In 1962, I gave a version of the following problem to 25 Third-Grader Students (13 Native Puerto Ricans, 12 from The States) at our Campus School, Inter American University, San Germán, Puerto Rico. Each child received a DIFFERENT set of 3 numbers -- so copying from the next kid wouldn't help. Using a number trick and colored charts, each child answered ALL QUESTIONS CORRECTLY. Can you? (See an associated file, COLORED MULTIPLICATION TABLES, for methodology.)Is each of these numbers (exactly) divisible by 144? And, if not, why not? (To make a CHOICE, click in the associated eyelet. To remove the REPLY, click on "OK".)
Kid, did you do as well as our Campus School Kids? Please see below for Solution and Explanation.
Is each of these numbers (exactly) divisible by 144? And, if not, why not?
- (A) 1729306448
- (B) 1825906446
- (C) 1724906448
144 = 16 X 9. And there is an Algorithm (described in an associated file) for Factor 16, with another Algorithm for Factor 9. As I show there:
- A ("decimal") number has 16 as a factor if, and only if, the last 4 digits of the number forms a multiple of 16 -- the number preceding these don't matter. (Kids discover this by coloring "the 16-pattern": the multiples of 16 -- obtaining a pattern which repeats every 10000. Why? Because 16 = 2 X 2 X 2 X 2, which is a subpattern of 10 X 10 X 10 X 10.)
- A ("decimal") number has 9 as a factor if, and only if, the SUM OF ITS DIGTS FORMS A MULTIPLE OF 9 Thus, 1 + 4 + 4 = 9, so 144 has a factor 9. Keep adding the digits until a single digit (9) is obtained. You can also test by "casting out the nines" formed by the digits.

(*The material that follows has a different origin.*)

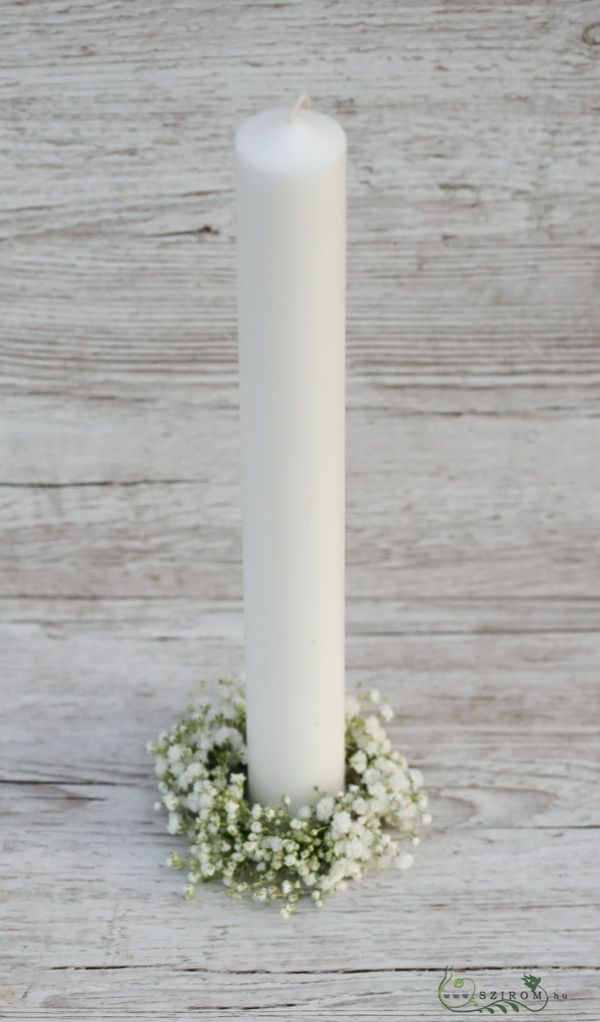 Babybreath wreath around candle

- A ("decimal") number has 144 as a factor if, and only if, it passes both the above tests. Now, consider, 1729306448. Its last 4 digits, 6448 forms a multiple of 16: 6448 = 16 x 403. So it passes the first test. But, 1 + 7 + 2 + 9 + 3 + 0 + 6 + 4 + 4 + 8 = 44 and 4 + 3 = 7. So this number, when divided by 9, would yield remainder 8. (You can also test by casting out the nines. Cast out the 0 and 9 digits in the number; cast out 7 + 2 = 9; cast out 6 + 3 = 9; cast out 1 + 8 = 9. This leaves the digits 4 + 4 = 8, yielding remainder 8, when divided by 9.) Hence, it fails both tests, clearly not a multiple of 144.
Next, consider number 1825906446. It passes the fails test (the 16-test) by way of the last 2 digits. (If 6448 passes in the first number, 6446 will fail by 2 in this second number.) What about its 9-ness? 1 + 8 + 2 + 5 + 9 + 0 + 6 + 4 + 4 + 6 = 45, and 4 + 5 = 9, so the number is divisible by 9. (You can also cast the nines: 1 + 8 = 9; 9 + 0 = 9; 5 + 4 = 9; leaving 2 + 6 + 4 + 6 = 18, and 1 + 8 = 9, so 9's cast out.) So, it passes the second test (9-test). But th 16-failure indicates it is not a multiple of 144.
Finally, consider 1724906448. It has the same last 4 digits (6448) as the previous number and we established that this passes the first test (the 16-test). What about its 9-ness? 1 + 7 + 2 + 4 + 9 + 0 + 6 + 4 + 4 + 8 = 45, and 4 + 5 = 9. (You can also cast out the nines: 9 and 0; 7 + 2 = 9; 1 + 8 = 9; leaving 4 + 6 + 4 + 4 = 18, and 1 + 8 = 9.) It passes the second test (9-test). Having passed both tests, you find its a multiple of 16 X 9 = 144. In fact, 1724906448 = 144 X 11978517.
Charlotte?
This is neither a trick problem nor a trivial problem. Students need to know factoring methods to do ordinary arithmetic. And this prepares them for algorithms in general mathematics and for conservation laws in physics.